Trying to remember a topic from memory with no notes, then getting AI to correct it. Basically using active recall to help me remember things better and forcing myself to post it so I do it more often.


My Notes

Two-phase locking (2PL) is a way to make reads and writes look sequential, even when multiple transactions are happening at once.

Normally in 2PL there is a growing phase, where we acquire all the locks we need, and a shrinking phase, where we release the locks we acquired for the transaction.

This helps prevent issues like dirty reads. For example, if one transaction writes a value and another transaction reads it before the first one commits, then the first transaction aborts, we may need to propagate a rollback to the other transaction too. Otherwise, that second transaction has observed a value that should not have existed.

We also have very strict 2PL where locks are only released at commit time. This helps with dirty reads because other transactions cannot read values we are changing until the transaction is fully committed. The downside is performance, because locks are held for longer. There is also strict 2PL, and I am not fully sure what the exact difference is.

Then we have algorithms for deadlocks, where one transaction holds a lock another needs, and vice versa. You can use strategies like young dies for old or old dies for young, but you need to choose one strategy and stick to it. Another way is choosing a victim based on how much work was done or how many locks are held, then aborting that transaction so execution can continue.

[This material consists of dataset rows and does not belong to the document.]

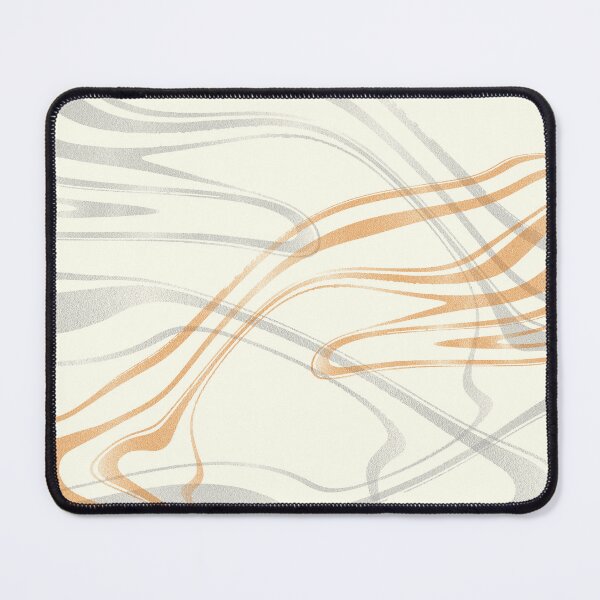 Item preview, Two-Toned Marble - Orange Grey designed and sold by SilverPegasus.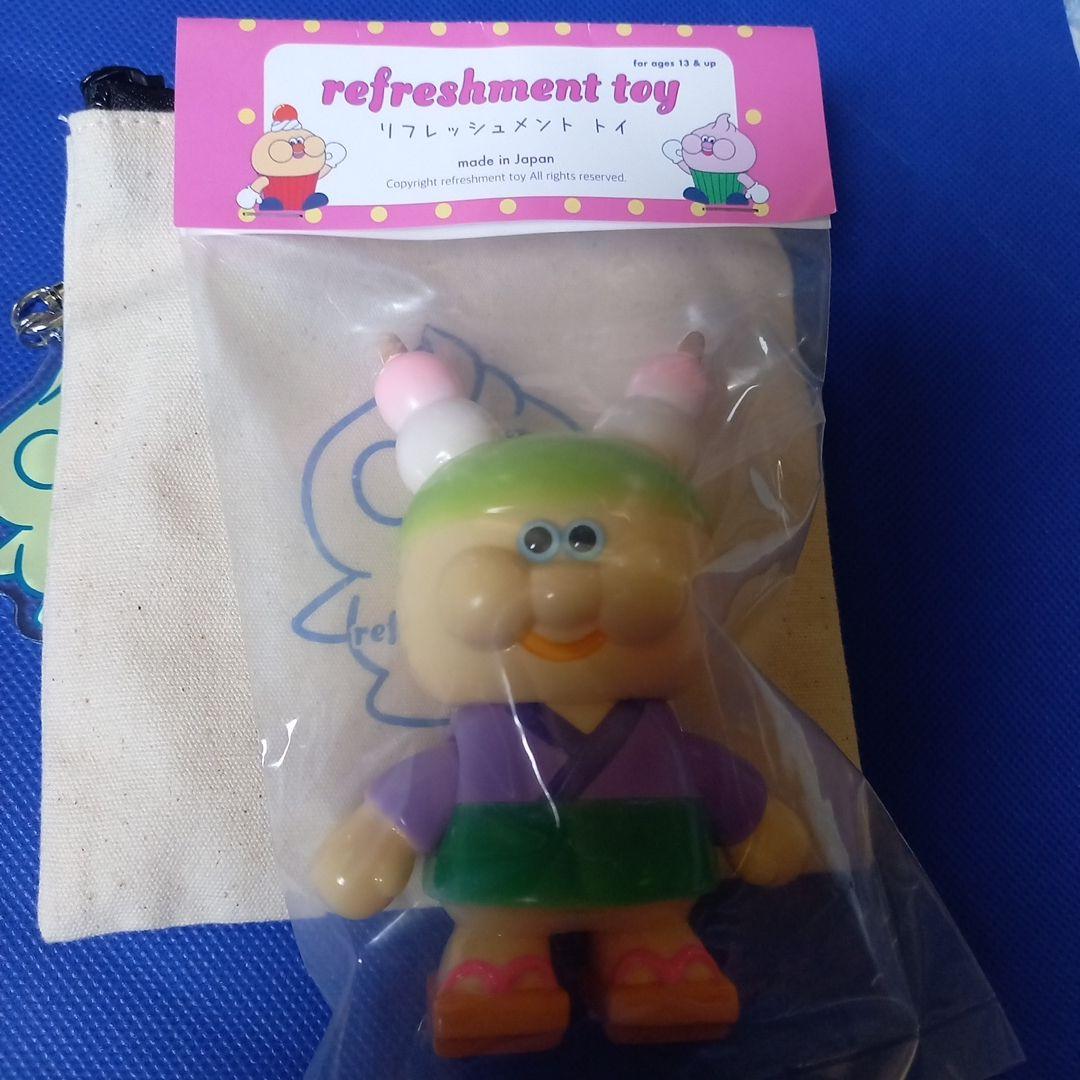 refreshmenttoy 団子のダンダン ソフビ袋付 リフレッシュメントトイ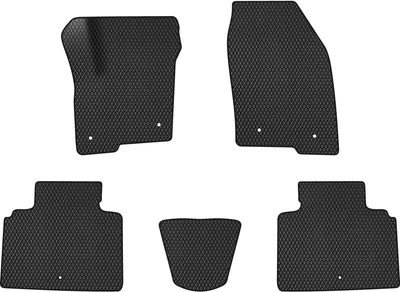 EVA коврики EVAtech в салон авто Lincoln MKX 2016+ 2 поколения SUV USA 5 шт Black (LL1619CE5AV6RBB)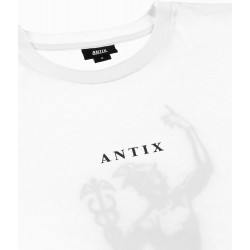 Antix Hermes Organic T-Shirt White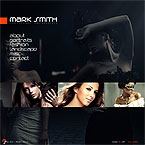 Models Photo Portfolio Flash CMS Template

Then you have intention locks, which help in the lock-manager tree. You can set intention locks at higher levels for locks at lower levels. For example, if you lock a tuple in a table, you can set an intention read lock on the table so other transactions know someone is reading tuples there without checking every tuple individually. If another transaction wants an exclusive lock on the whole table, it has to wait.


What I Got Wrong

  • I said 2PL gives the “appearance of sequential writes and reads." This is close, but the precise guarantee is conflict serializability. Basic 2PL guarantees that the final schedule is equivalent to some serial order of transactions. It does not automatically guarantee every stronger isolation property unless you combine it with additional rules (for example, strictness and predicate/index-range locking).

  • I mixed up dirty reads and non-repeatable reads in the rollback example. If T2 reads data written by T1 before T1 commits, and then T1 aborts, that is a dirty read. The main consequence is often cascading aborts (you may need to abort T2 too). Non-repeatable reads are a different anomaly where the same transaction reads the same row twice and gets different committed values.

  • I wasn’t sure about the difference between strict 2PL and very strict/rigorous 2PL. The difference is lock release timing:

    • Strict 2PL: hold all exclusive (X) locks until commit/abort; shared locks may be released earlier.
    • Rigorous 2PL (often called strong strict 2PL): hold both shared (S) and exclusive (X) locks until commit/abort.
    • What I called “very strict 2PL” maps to rigorous/strong strict 2PL.
  • I implied standard 2PL itself prevents dirty reads. Basic 2PL alone does not necessarily prevent dirty reads because a transaction can release an exclusive lock before commit during the shrinking phase. Preventing dirty reads cleanly is why systems use strict (or rigorous) 2PL in practice.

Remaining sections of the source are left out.